_WHAT THE EXERCISE ASKS_
The records below are to be copied word for word, with every picture left out.

───── GIVEN ENTRIES ─────

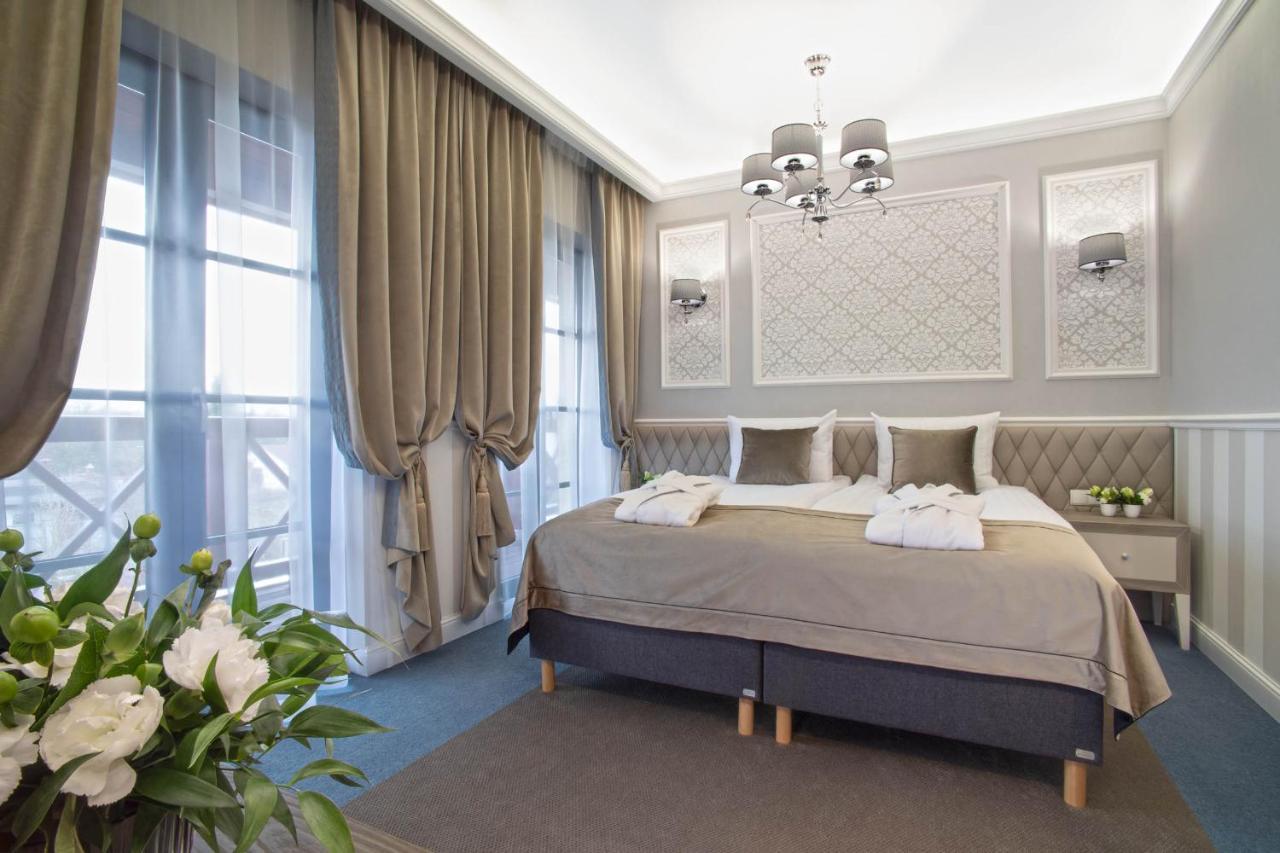 Boutique Odyseja & Spa Ciechocinek Ngoại thất bức ảnh A bedroom in the hotel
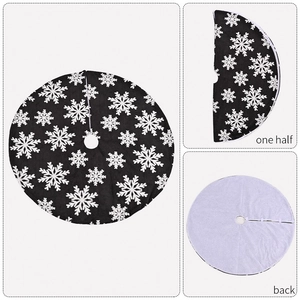 Detail of grey plush Christmas tree skirt featuring white snowflake patterns and soft backing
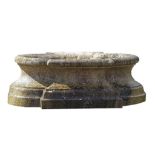 A Bourgogne stone planter, 19th century, of oval section with projecting...  A Bourgogne stone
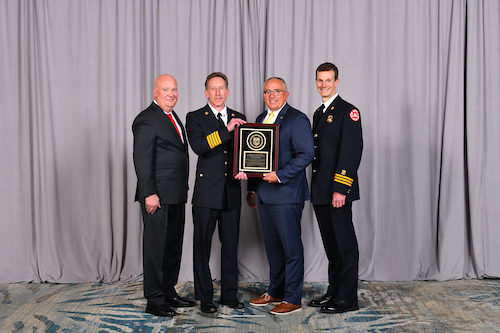 4 people standing while holding a plaque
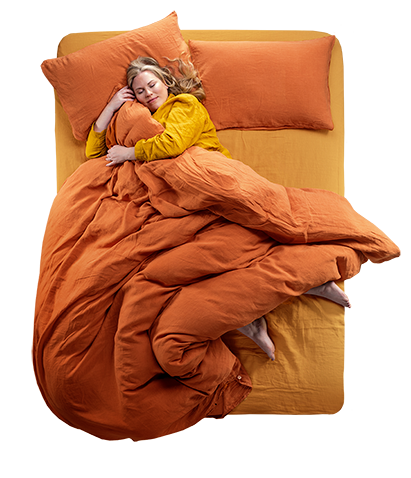 Top down view of a women laying on a Silentnight Memory foam bed.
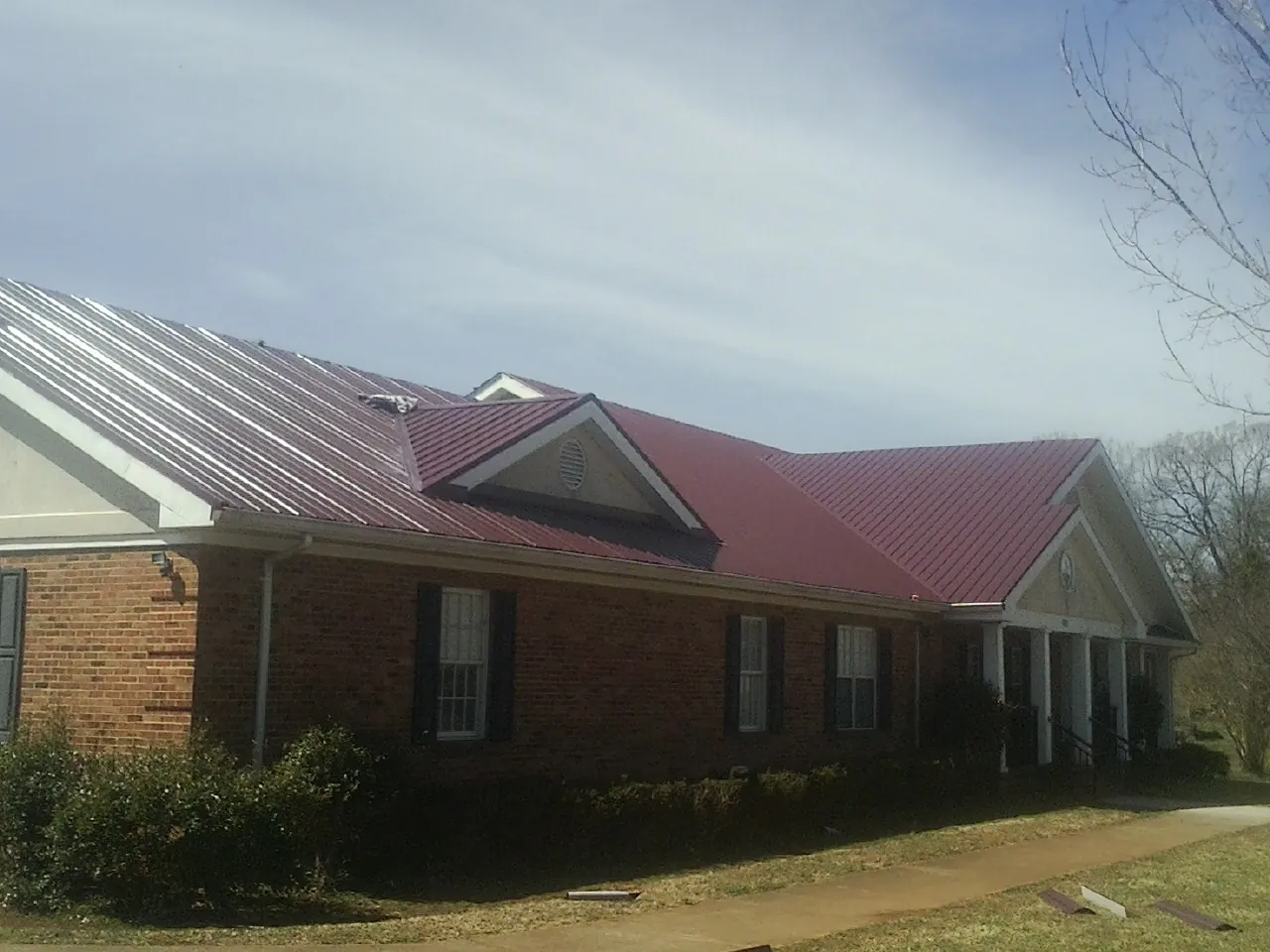 Red metal roof with gabled entries on a long brick building, from a Hail Damage Roof Repair job in Rosburg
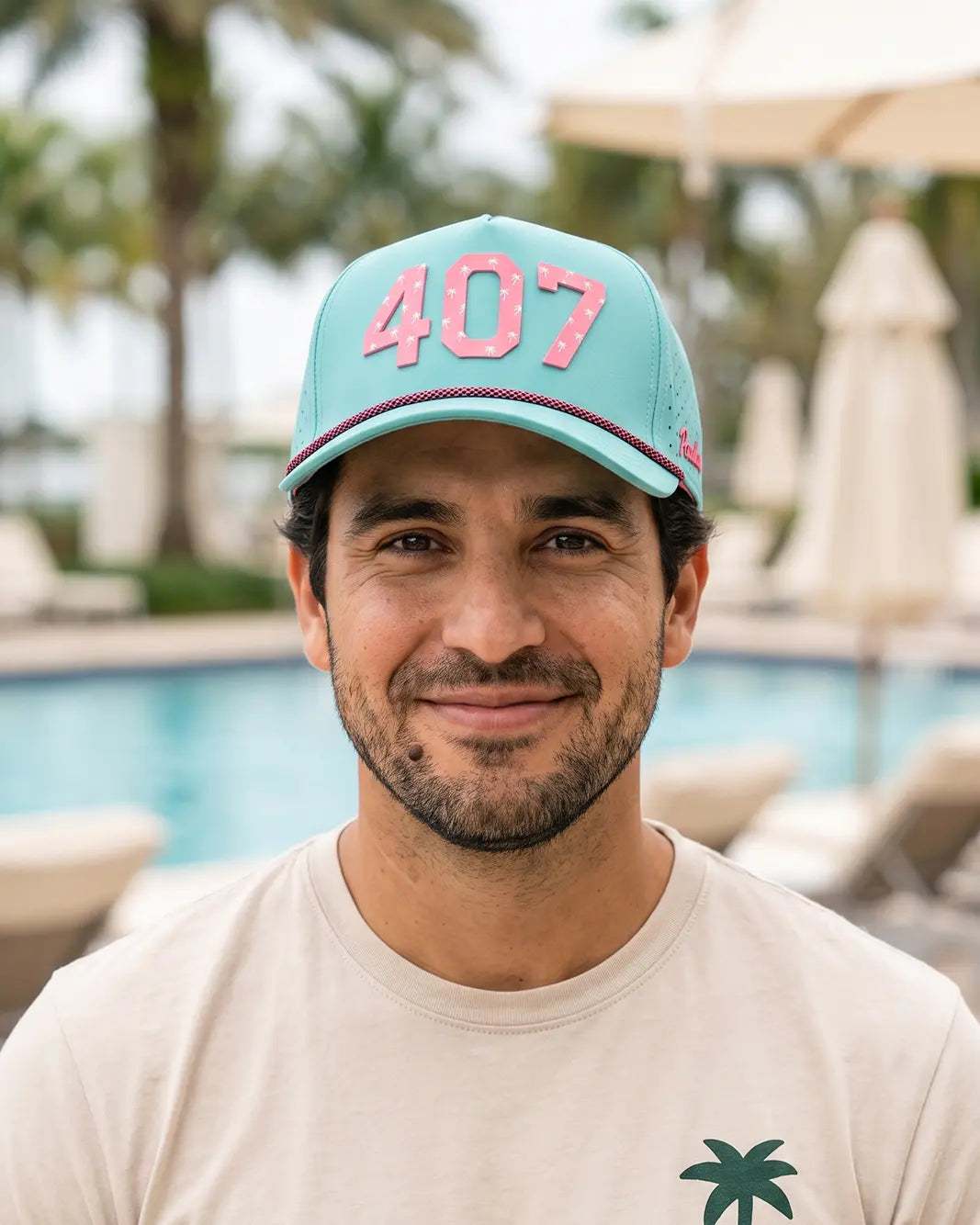A man wearing a light blue baseball cap with pink '407' lettering and a beige t-shirt, photographed outdoors in front of a swimming pool with palm trees and lounge chairs.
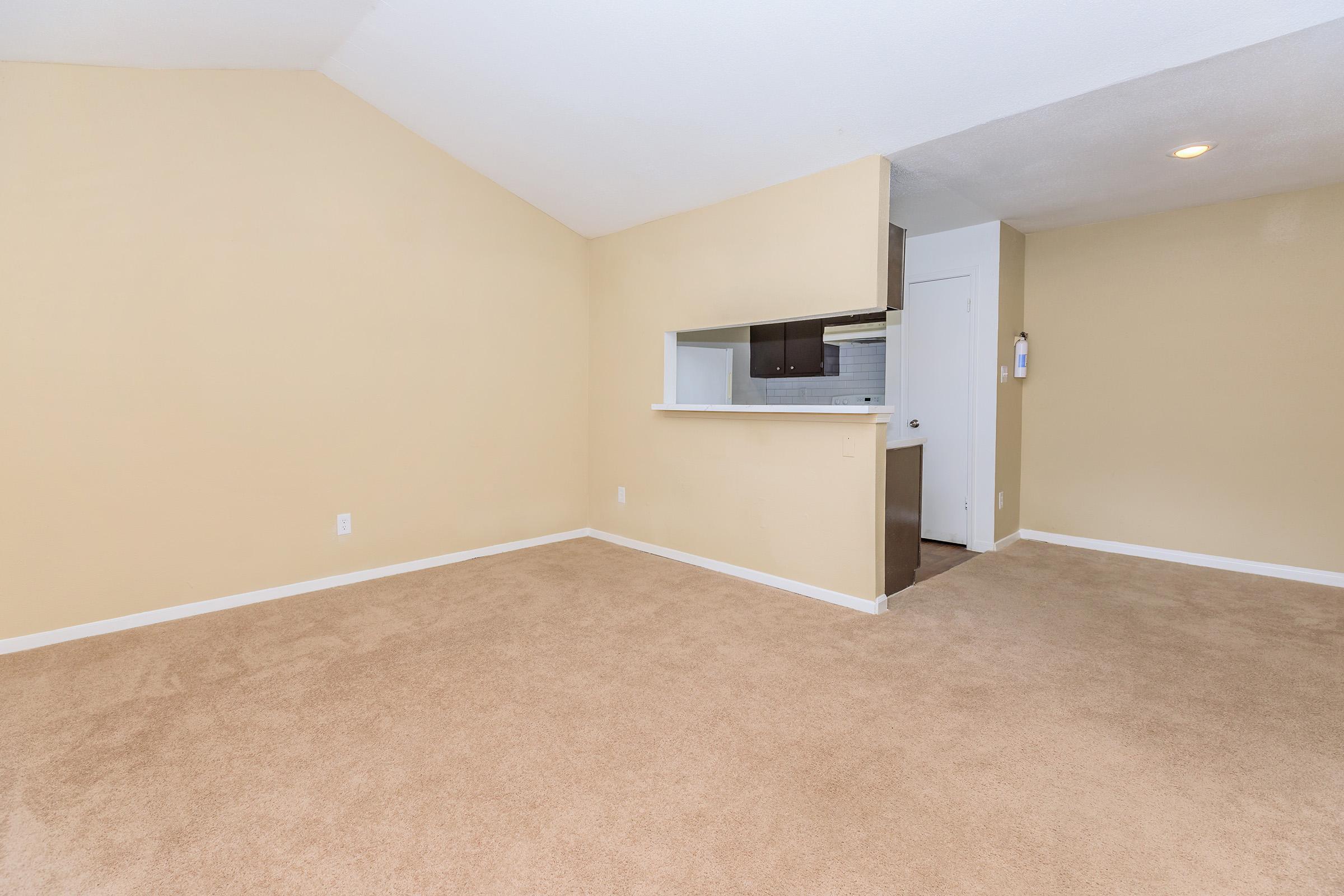 Spacious, empty indoor area featuring beige walls and carpet, with a small kitchen counter visible in the background. A doorway leads to another room, and the ceiling is slightly vaulted, creating an airy feel. Natural light is present, enhancing the openness of the space.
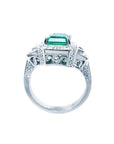 18K white gold engagement ring with a vibrant emerald, diamond halo, and baguette side diamonds.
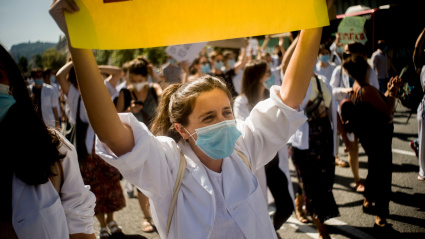 En Barcelona, una mujer con mascarilla sostiene una pancarta durante una marcha del MIR (Médicos Residentes) que exige mejoras en las condiciones laborales y un aumento salarial.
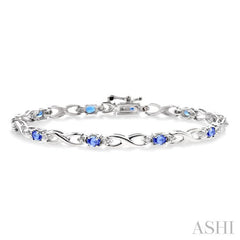 4x3mm Oval Cut Tanzanite and 1/10 Ctw Round Cut Diamond Bracelet in 10K White Gold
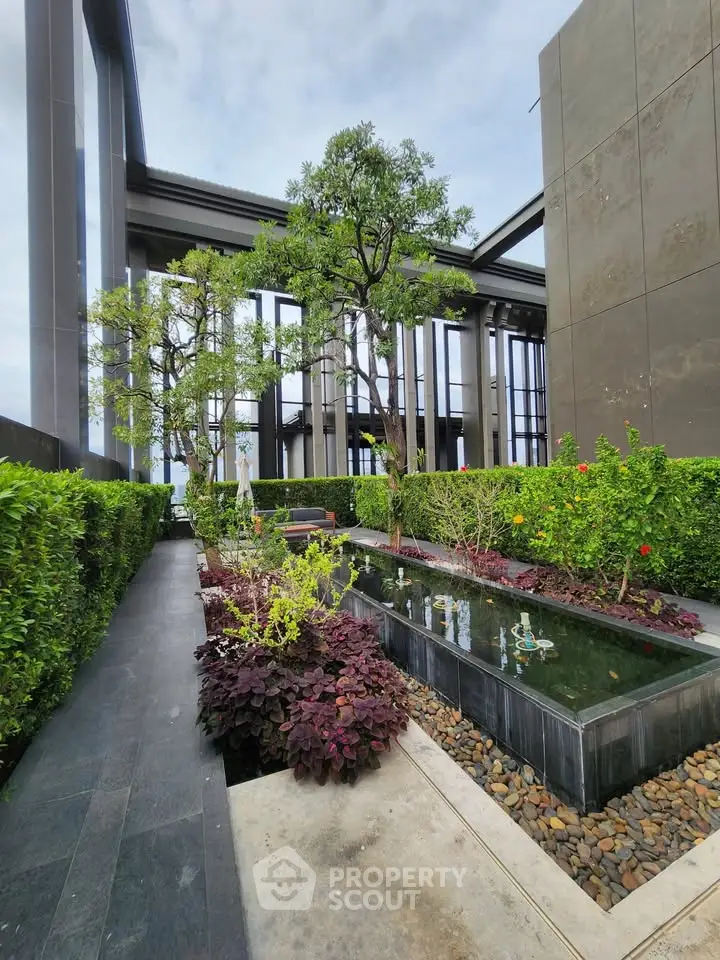 Luxurious rooftop garden with modern design and water feature, offering a serene escape in urban living.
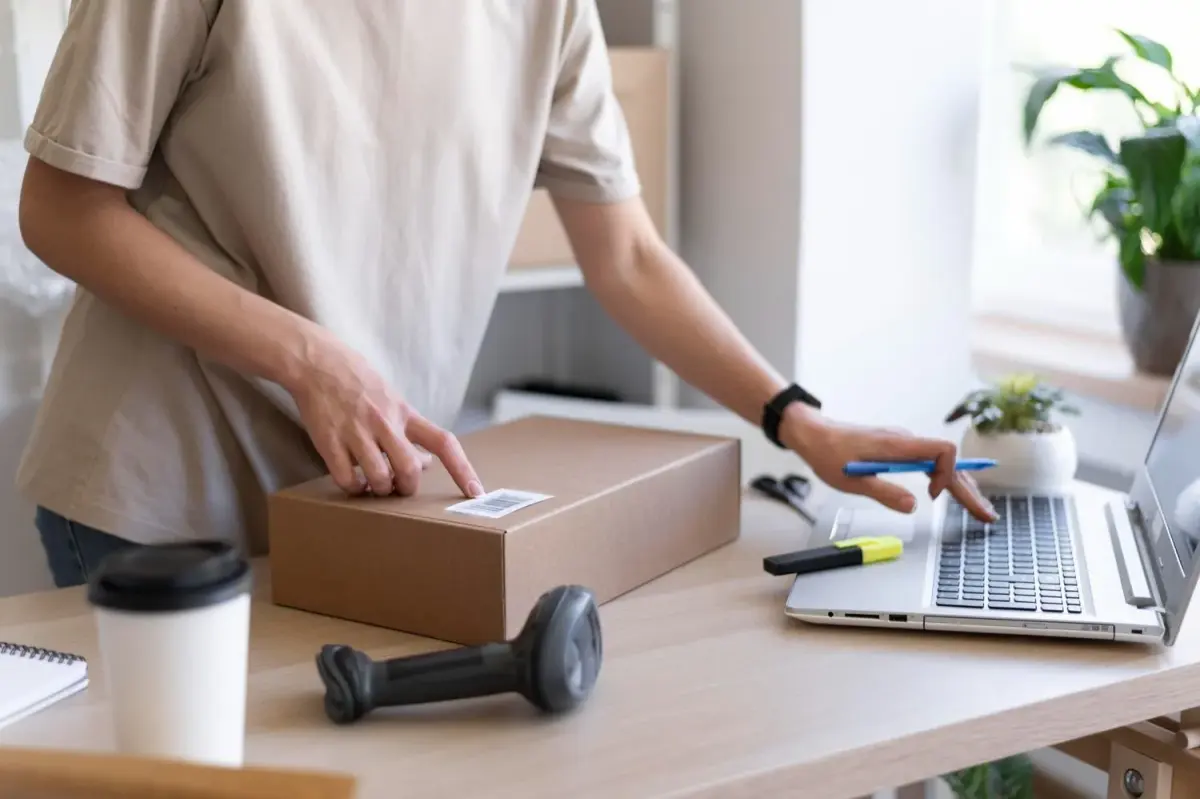 Người bán hàng đóng gói đơn hàng bên máy tính xách tay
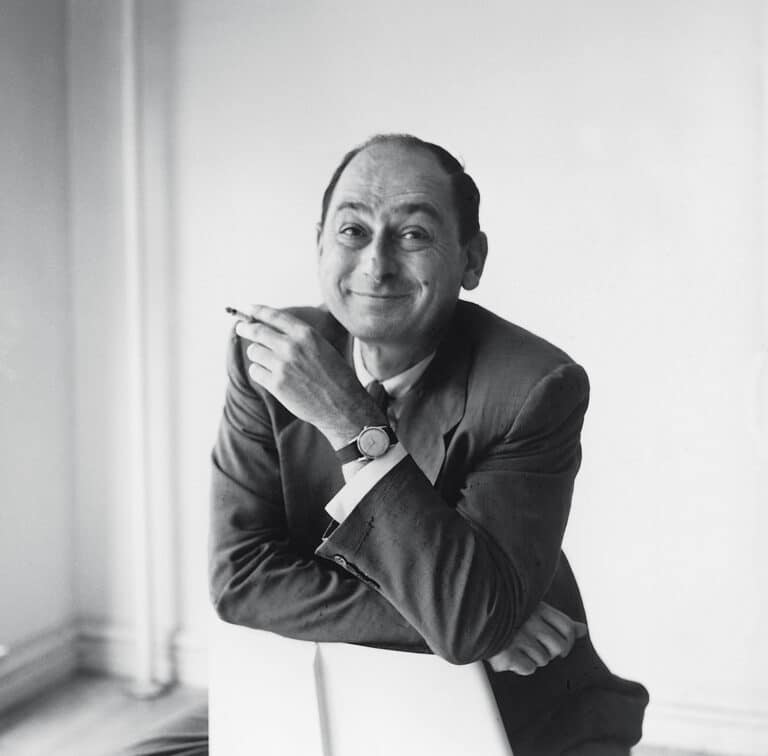Smiling man in a suit, leaning on a white surface while holding a cigarette.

─────

_WRITTEN ANSWER_
 Boutique Odyseja & Spa Ciechocinek Ngoại thất bức ảnh A bedroom in the hotel
 Detail of grey plush Christmas tree skirt featuring white snowflake patterns and soft backing
 A Bourgogne stone planter, 19th century, of oval section with projecting...  A Bourgogne stone
 4 people standing while holding a plaque
 Top down view of a women laying on a Silentnight Memory foam bed.
 Red metal roof with gabled entries on a long brick building, from a Hail Damage Roof Repair job in Rosburg
A man wearing a light blue baseball cap with pink '407' lettering and a beige t-shirt, photographed outdoors in front of a swimming pool with palm trees and lounge chairs.
 Spacious, empty indoor area featuring beige walls and carpet, with a small kitchen counter visible in the background. A doorway leads to another room, and the ceiling is slightly vaulted, creating an airy feel. Natural light is present, enhancing the openness of the space.
 18K white gold engagement ring with a vibrant emerald, diamond halo, and baguette side diamonds.
 En Barcelona, una mujer con mascarilla sostiene una pancarta durante una marcha del MIR (Médicos Residentes) que exige mejoras en las condiciones laborales y un aumento salarial.
 4x3mm Oval Cut Tanzanite and 1/10 Ctw Round Cut Diamond Bracelet in 10K White Gold
 Luxurious rooftop garden with modern design and water feature, offering a serene escape in urban living.
 Người bán hàng đóng gói đơn hàng bên máy tính xách tay
Smiling man in a suit, leaning on a white surface while holding a cigarette.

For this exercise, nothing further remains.